(Brief descriptive captions)
■ ■ ■ ■ ■

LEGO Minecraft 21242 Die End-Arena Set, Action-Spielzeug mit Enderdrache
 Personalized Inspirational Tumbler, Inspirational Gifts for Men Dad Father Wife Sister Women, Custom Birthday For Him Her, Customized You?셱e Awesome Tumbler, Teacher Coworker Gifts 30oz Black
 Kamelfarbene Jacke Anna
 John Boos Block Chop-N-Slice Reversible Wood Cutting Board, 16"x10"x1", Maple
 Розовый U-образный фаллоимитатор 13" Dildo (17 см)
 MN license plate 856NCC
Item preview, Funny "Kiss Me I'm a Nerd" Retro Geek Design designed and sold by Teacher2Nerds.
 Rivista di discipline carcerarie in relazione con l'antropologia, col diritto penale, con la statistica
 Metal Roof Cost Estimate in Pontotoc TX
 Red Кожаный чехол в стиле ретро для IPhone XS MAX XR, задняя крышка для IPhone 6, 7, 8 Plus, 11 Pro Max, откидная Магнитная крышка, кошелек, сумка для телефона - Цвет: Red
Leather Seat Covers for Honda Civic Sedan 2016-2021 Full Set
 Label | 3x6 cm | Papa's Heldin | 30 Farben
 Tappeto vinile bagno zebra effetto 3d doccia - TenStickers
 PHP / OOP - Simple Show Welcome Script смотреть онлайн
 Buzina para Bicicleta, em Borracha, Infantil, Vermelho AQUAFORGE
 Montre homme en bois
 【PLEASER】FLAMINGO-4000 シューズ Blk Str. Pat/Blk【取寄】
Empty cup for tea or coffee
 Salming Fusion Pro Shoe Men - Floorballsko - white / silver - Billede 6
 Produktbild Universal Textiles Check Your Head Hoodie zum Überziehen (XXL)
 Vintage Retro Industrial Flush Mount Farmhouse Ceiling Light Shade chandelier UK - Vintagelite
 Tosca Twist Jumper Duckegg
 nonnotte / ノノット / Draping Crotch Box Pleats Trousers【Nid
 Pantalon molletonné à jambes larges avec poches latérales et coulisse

■ ■ ■ ■ ■

Repeat the whole of the data above exactly as it appears.

LEGO Minecraft 21242 Die End-Arena Set, Action-Spielzeug mit Enderdrache
 Personalized Inspirational Tumbler, Inspirational Gifts for Men Dad Father Wife Sister Women, Custom Birthday For Him Her, Customized You?셱e Awesome Tumbler, Teacher Coworker Gifts 30oz Black
 Kamelfarbene Jacke Anna
 John Boos Block Chop-N-Slice Reversible Wood Cutting Board, 16"x10"x1", Maple
 Розовый U-образный фаллоимитатор 13" Dildo (17 см)
 MN license plate 856NCC
Item preview, Funny "Kiss Me I'm a Nerd" Retro Geek Design designed and sold by Teacher2Nerds.
 Rivista di discipline carcerarie in relazione con l'antropologia, col diritto penale, con la statistica
 Metal Roof Cost Estimate in Pontotoc TX
 Red Кожаный чехол в стиле ретро для IPhone XS MAX XR, задняя крышка для IPhone 6, 7, 8 Plus, 11 Pro Max, откидная Магнитная крышка, кошелек, сумка для телефона - Цвет: Red
Leather Seat Covers for Honda Civic Sedan 2016-2021 Full Set
 Label | 3x6 cm | Papa's Heldin | 30 Farben
 Tappeto vinile bagno zebra effetto 3d doccia - TenStickers
 PHP / OOP - Simple Show Welcome Script смотреть онлайн
 Buzina para Bicicleta, em Borracha, Infantil, Vermelho AQUAFORGE
 Montre homme en bois
 【PLEASER】FLAMINGO-4000 シューズ Blk Str. Pat/Blk【取寄】
Empty cup for tea or coffee
 Salming Fusion Pro Shoe Men - Floorballsko - white / silver - Billede 6
 Produktbild Universal Textiles Check Your Head Hoodie zum Überziehen (XXL)
 Vintage Retro Industrial Flush Mount Farmhouse Ceiling Light Shade chandelier UK - Vintagelite
 Tosca Twist Jumper Duckegg
 nonnotte / ノノット / Draping Crotch Box Pleats Trousers【Nid
 Pantalon molletonné à jambes larges avec poches latérales et coulisse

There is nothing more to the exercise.